Support, history of Genesee Justice motivated director to ensure division saved
Ed Minardo will be out of a job come Jan. 1, but Genesee Justice will carry on.
"It was certainly in my mind, 'Not on my watch,'" Minardo said after learning that County Manager Jay Gsell would recommend to the legislature that Minardo's plan to cut staff hours and eliminate his own job be approved.
And the legislature did just that Monday evening.
"I didn't want to see Genesee Justice and the great history of Judge Call (former Sheriff Doug Call) and Dennis (Wittman, founding GJ director), and the love and caring they put into it, evaporate into a memory."
Minardo said he was also motivated by the firm support Genesee Justice received from the legal community, including defense attorneys, prosecutors and judges.
"That's one of the things that made me fight so hard," Minardo said. "There was an unprecedented outpouring of support from what is supposed to be a formal legal community. The were going outside their comfort zones to express appreciation for the programs we run and the good work of our staff."

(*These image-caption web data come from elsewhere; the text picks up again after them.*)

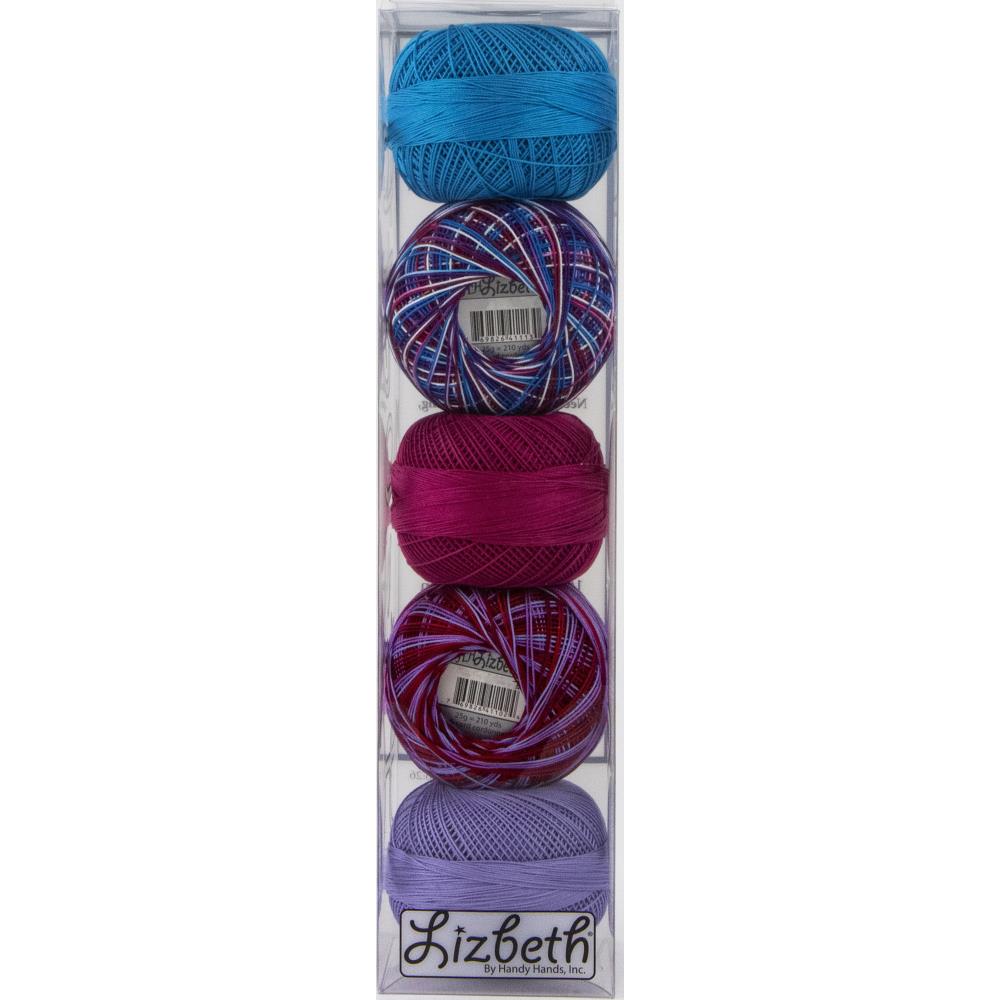 Handy Hands Lizbeth Size 20 Metallic & Crochet Cotton Pack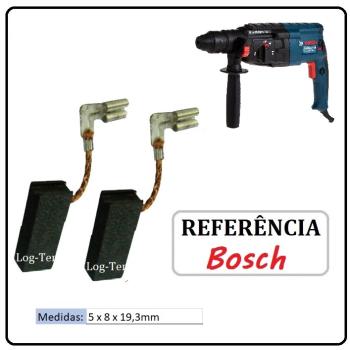 JOGO DE ESCOVA DE CARVÃO - MARTELO BOSCH - 1617000525 - 11B73 - GBH 2-24 DFR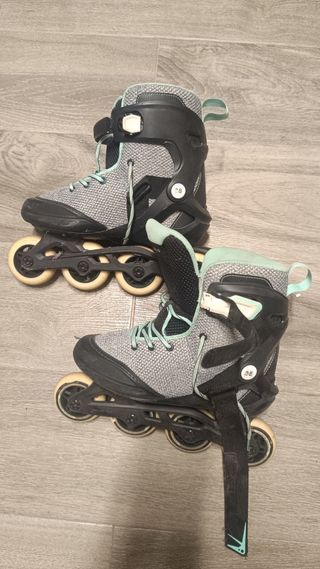 Patines en línea usados talla 38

With approval of the labor union representing staff at Genesee Justice signing off on the plan to reduce work ours, Gsell was apparently able to find enough cost savings to make Minardo's plan "budget neutral," meaning it won't increase expenses for the county.
When Gsell first presented his draft budget to the legislature, it called for closing Genesee Justice as a division of the Sheriff's Office and moving many of its functions to the probation department.
At a public hearing, members of the legal community and crime victims assisted by Genesee Justice came forward and encouraged the legislature to protect the pioneering restorative justice program.
Next up for Minardo: Put together a non-profit foundation that will raise money to fill the budget gap for full Genesee Justice operations, including reinstating his job as director.